I still struggle internally with how addiction and reunification should be handled.

My birthmom was not an addict but my birthfather was, and that factored hugely into her decision. She had actually changed her mind and decided to keep me, when at 3 months old, there was an incident with my birth father on Thanksgiving that scared her.

I am one of those with a “good” adoption story, so I have always been thankful for the life my adoptive parents gave me and the space they allowed in the semi-open adoption. This was the 90s, our “open” was more letters and pictures with direct communication starting at 12 and physical meeting at 16. I went to live with her at 17 with all parents full support.

My birth father is now finally sober but VERY brain-damaged from his many years of addiction and I do not have him in my life.

I don’t despise addicted parents by any means, and I do agree with the philosophy that not all people with addictions are neglectful parents. However, it is playing with fire IMO…. I think that if there has been no neglect or abuse then support should be given to keep family together as much as possible.

I personally feel that once actual neglect/abuse has happened then the child should have the right to decide for themselves the level of connection they want and that may not happen until age 8-13 depending on maturity level.

I do not believe that Termination of Parental Rights ever needs to happen, unless the child is truly wanting it. My anger toward both addiction and the system comes from the fact that kids aren’t given enough room or right to have their own voice.
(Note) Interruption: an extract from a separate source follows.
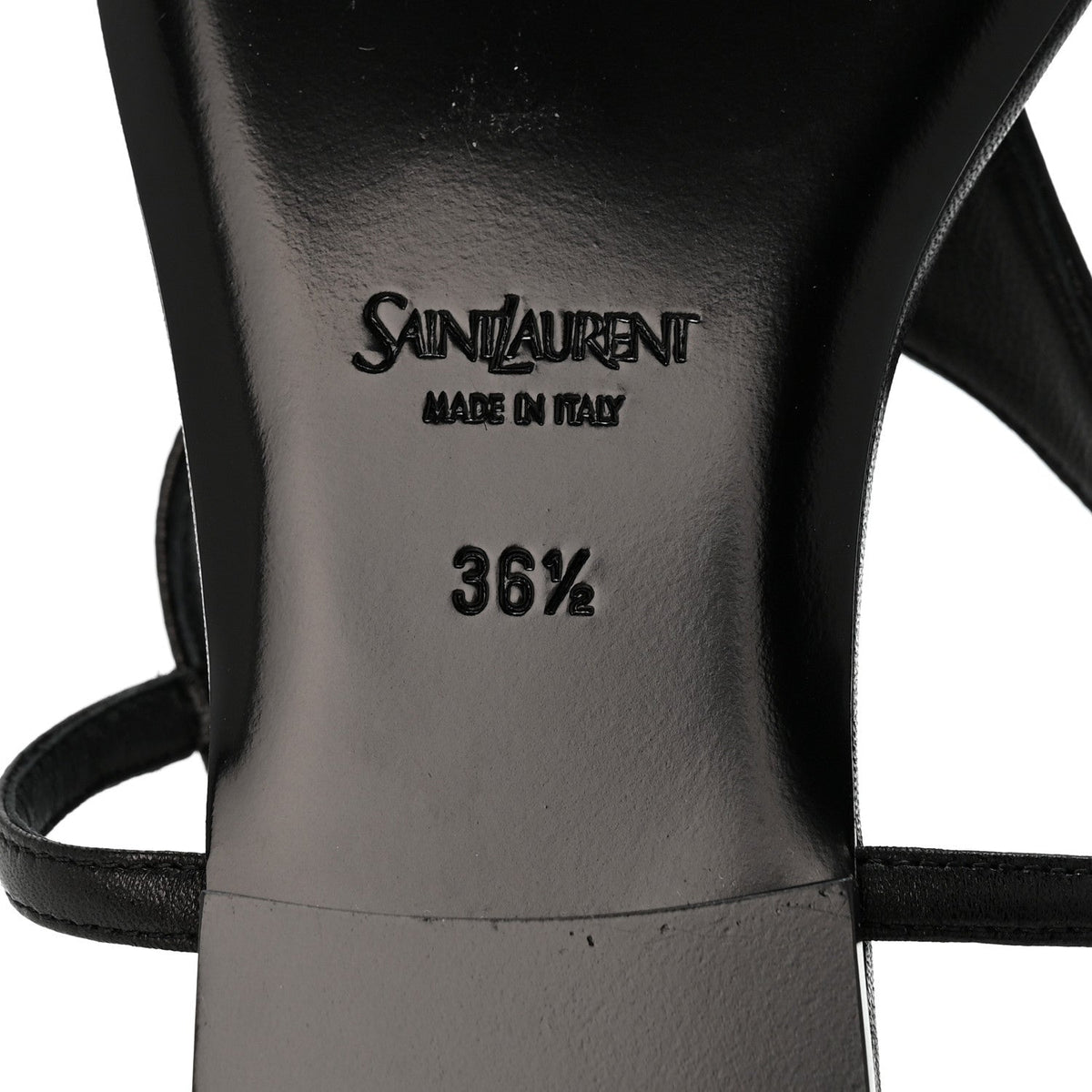 Saint Laurent Lambskin Women's Monogram Cassandra Slingback Flat Sandals 36.5 Black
I don’t really care what first parents, adoptive parents, or foster parents “want”. Anyone who actually loves their child in a healthy way wants them to feel safe and comfortable and connected with all the people in their life.

Reunion as teenagers and adults is different as their brains can cognitively understand addiction and how “using Mom” is not the same person as “Mom”. But a younger child can’t understand that and I personally am grateful for the stability I had and can see how damaging the inconsistency of foster care life can be.

I can’t speak for other adoptees but I have personally dealt with thoughts toward my birth parents like the following –

“You should have had an abortion then.”

“Why wasn’t I worth it?”

(Since having my son) “I get that being high is cool, but nothing is better than the love I have for my son. Why didn’t you feel the same?”

I want addiction de-stigmatized. I want drugs decriminalized. I also want kids to be safe and I think all kids deserve to go to bed knowing “I am the MOST IMPORTANT” things in my Mom’s life.